Il convient de rappeler que l’un des argument avancés en 2011 pour forcer Berlusconi à quitter le pouvoir était qu’une crise italienne pourrait entraîner une crise de l’Euro, et que celle-ci aurait des effets pires que ceux de la crise de Lehman Brothers en 2008. On peut constater, sur les statistiques officielles, que les effets de la politique de Mario Monti, le syndic de faillite désigné par l’Europe, ont eux été bien pires que les conséquences de la crise de 2008/2009. De fait, si l’on ne trouve pas une solution rapide à cette contraction du crédit, c’est à une hécatombe des PME-PMI italiennes que l’on va assister d’ici trois mois. Les conséquences, tant économiques que sociales et politiques, d’une telle catastrophe seront cataclysmiques. Mais croire que ces conséquences pourraient être limitées à la seule Italie serait une profonde illusion.
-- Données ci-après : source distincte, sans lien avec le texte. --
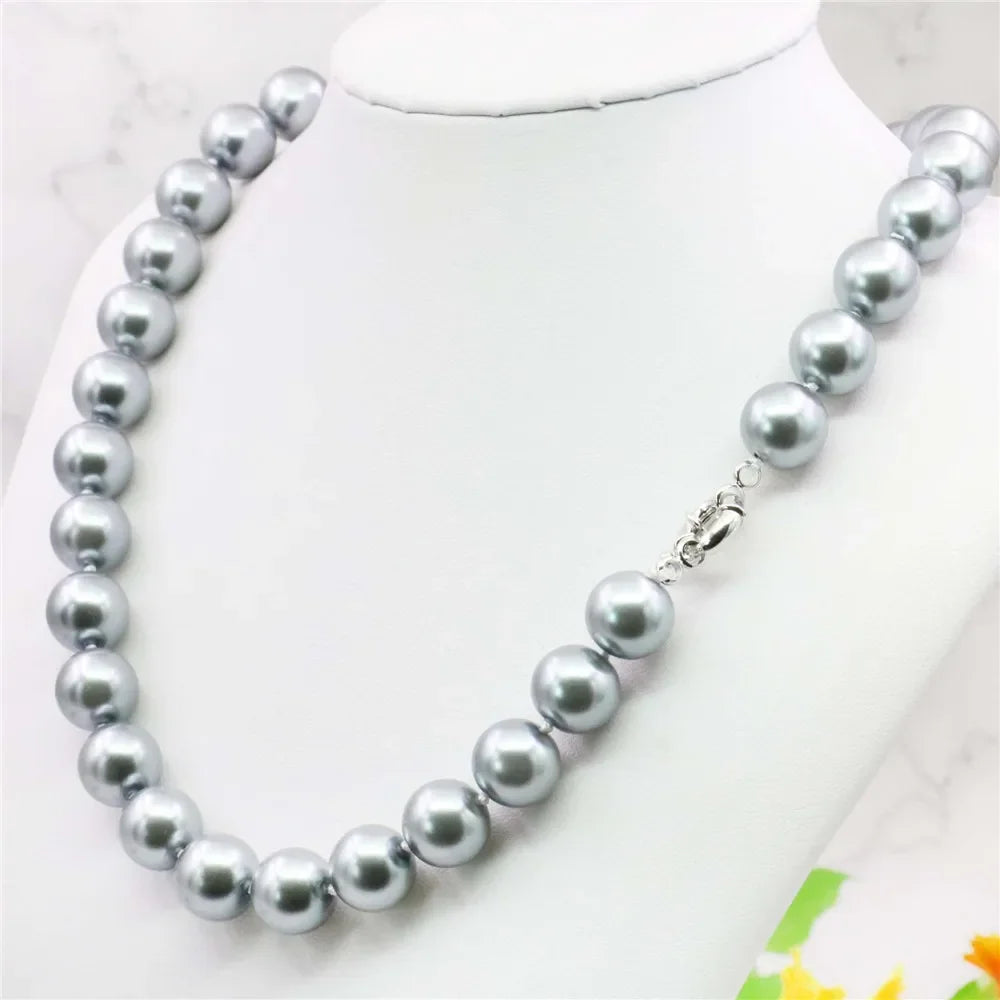 Gray Shell Pearl Necklace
Si l’Italie entre dans une phase aiguë de sa crise, les répercussions se feront sentir en France.

Un suicide politique

Pourquoi, alors, dans ce contexte dramatique, François Hollande a-t-il choisi la procédure des ordonnances ? Rien ne l’y obligeait sur la question des retraites. Rappelons, d’ailleurs, que sur ce point la véritable variable critique est celle du taux de chômage. Que ce dernier baisse des 10,2% actuels à 8%, et les retraites sont à nouveau financées, compte tenu de la démographie française qui est expansionniste. Il faut, sans doute, y voir les effets d’une politique qui s’est résignée, sans le dire, à un accroissement important et durable du chômage. Mais, ces mesures provoqueront naturellement une nouvelle détérioration de la situation économique et en particulier de la consommation, ce qui provoquera une nouvelle hausse du chômage.
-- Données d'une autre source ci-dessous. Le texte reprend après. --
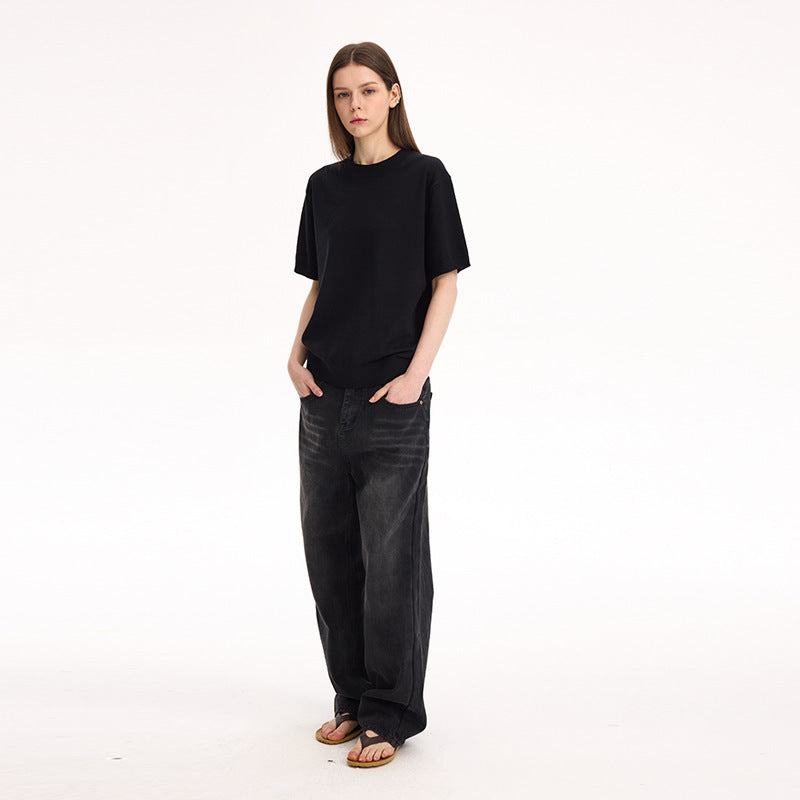 Fanio Velvet Shoulder Short-sleeved T-shirt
Mais il faut y voir aussi, et peut-être surtout, une réaction de panique devant les critiques allemandes (ici) sur la politique françaiseLe gouvernement montre alors qu’il va prendre ses ordres à Berlin. Que ces ordres soient relayés par des secteurs de l’élite française n’y change rien. On à déjà connu une telle situation dans l’Histoire…Bien sur, on dira que c’est pour la bonne cause, pour sauver l’Euro qui serait compromis par la « faiblesse » des réformes françaises. Ceci se payera au prix fort, très probablement aux élections européennes de 2014. Mais, en attendant, le gouvernement a commis un véritable suicide politque.